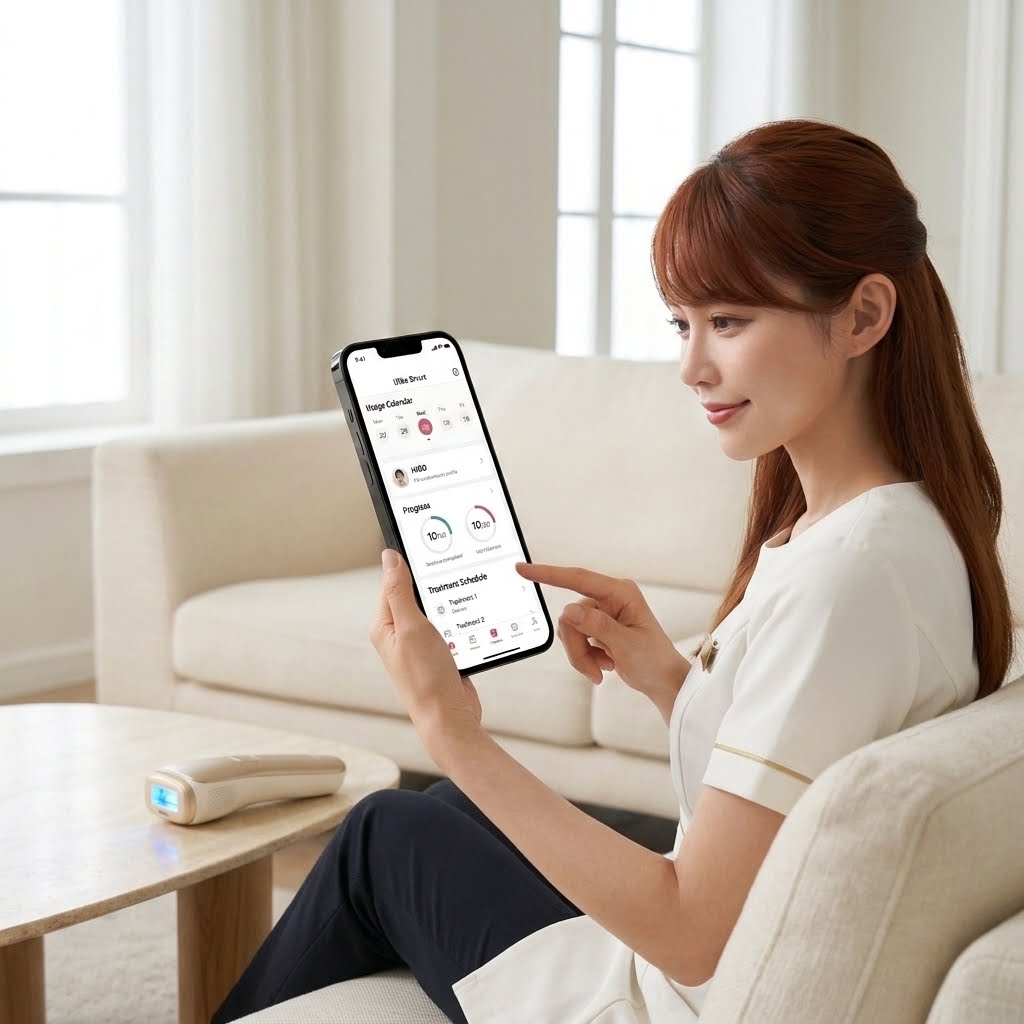 Ulike Smartアプリの画面表示イメージ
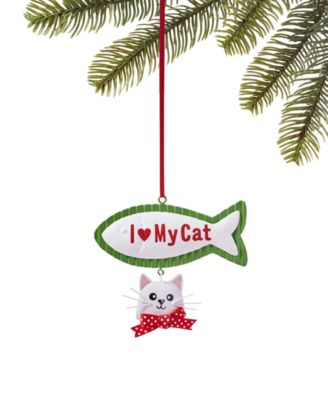 Holiday Lane - Pets I Love My Cat Ornament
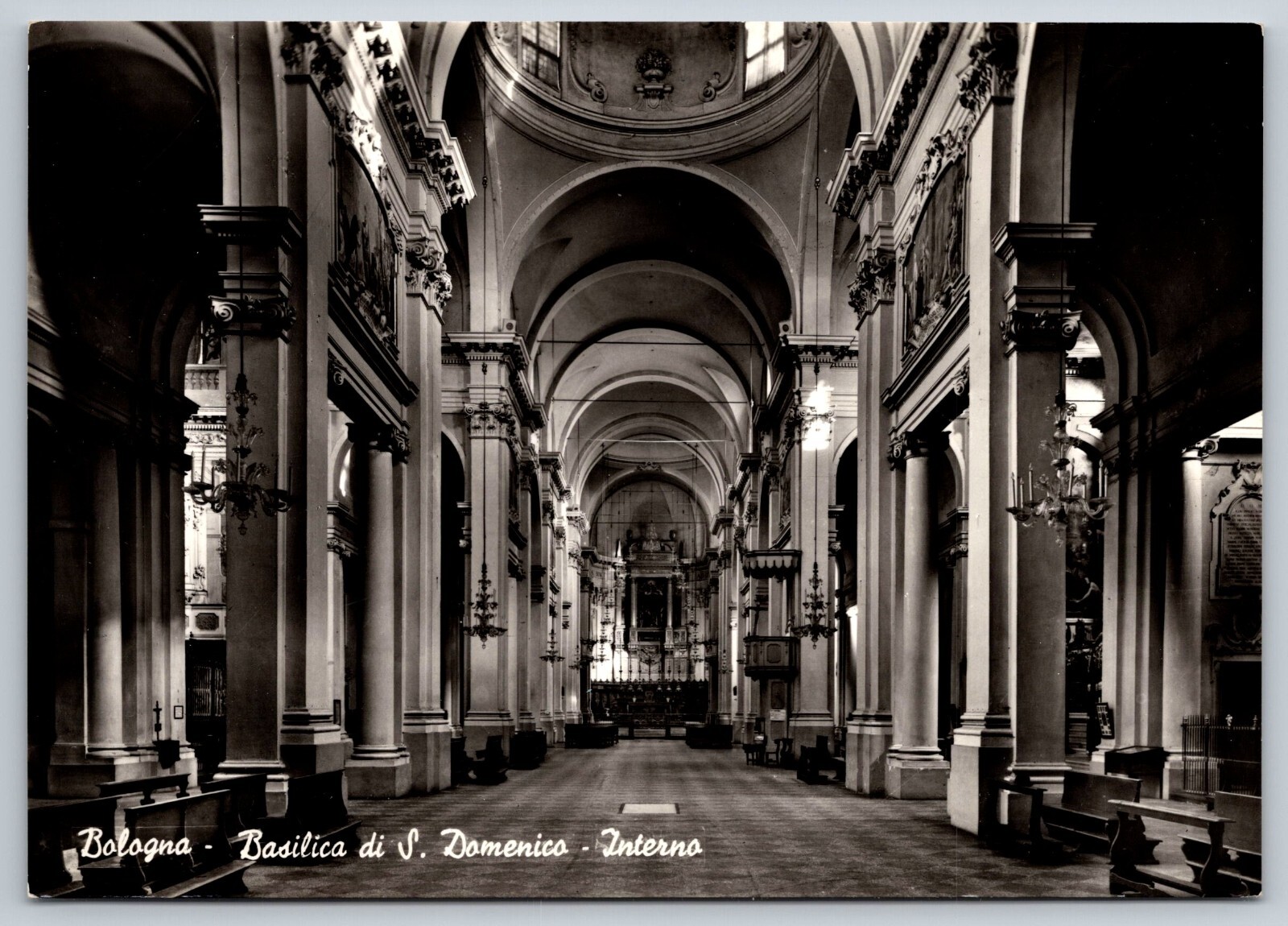 Postcard RPPC Italy Bologna Basilica di S Domenico Interior 34 Postcard RPPC Italy Bologna Basilica di S Domenico Interior 34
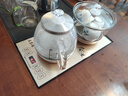 益茶福全自動上水電熱水壺底部上水嵌入式茶臺功夫茶燒水壺飲水燒水一體機抽水玻璃煮茶壺保溫泡茶壺 SQ-008金色玻璃套裝 1L 曬單實拍圖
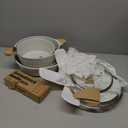 SENSARTE Nonstick Ceramic Cookware Set 13-Piece, Healthy Pots and Pans Set, Non-toxic Kitchen Cooking Set with Stay-Cool Handles, Silicone Tools and Pot Protectors, PFAS and PFOA Free (White)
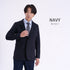 【日本製】 ジャケット メンズ ビジネス テーラードジャケット イージーケア 保温 ストレッチ ウールコットン ネイビー(SJFB25-108-na)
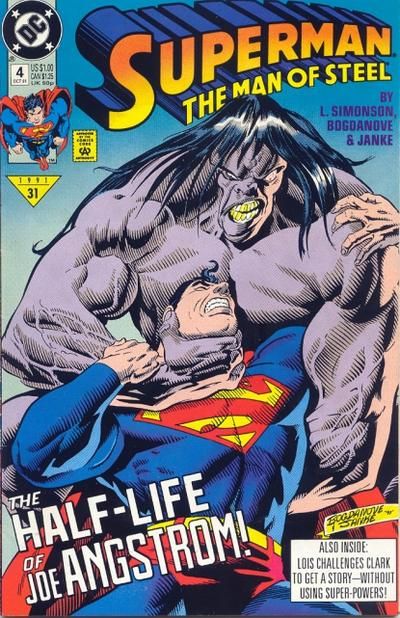 Superman: The Man of Steel #4 Comic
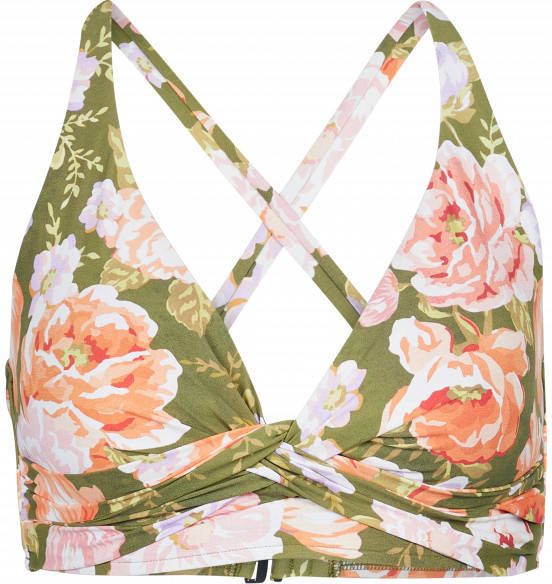 Seafolly Women's Paradise Garden DD Wrap Front Bra Bikinitop meerkleurig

= = =

- EXERCISE DIRECTIONS -
Output the complete listing exactly. Pictures stay out.

- PROBLEM SOLUTION -
 Ulike Smartアプリの画面表示イメージ
 Holiday Lane - Pets I Love My Cat Ornament
 Postcard RPPC Italy Bologna Basilica di S Domenico Interior 34 Postcard RPPC Italy Bologna Basilica di S Domenico Interior 34
 益茶福全自動上水電熱水壺底部上水嵌入式茶臺功夫茶燒水壺飲水燒水一體機抽水玻璃煮茶壺保溫泡茶壺 SQ-008金色玻璃套裝 1L 曬單實拍圖
 SENSARTE Nonstick Ceramic Cookware Set 13-Piece, Healthy Pots and Pans Set, Non-toxic Kitchen Cooking Set with Stay-Cool Handles, Silicone Tools and Pot Protectors, PFAS and PFOA Free (White)
 【日本製】 ジャケット メンズ ビジネス テーラードジャケット イージーケア 保温 ストレッチ ウールコットン ネイビー(SJFB25-108-na)
 Superman: The Man of Steel #4 Comic
 Seafolly Women's Paradise Garden DD Wrap Front Bra Bikinitop meerkleurig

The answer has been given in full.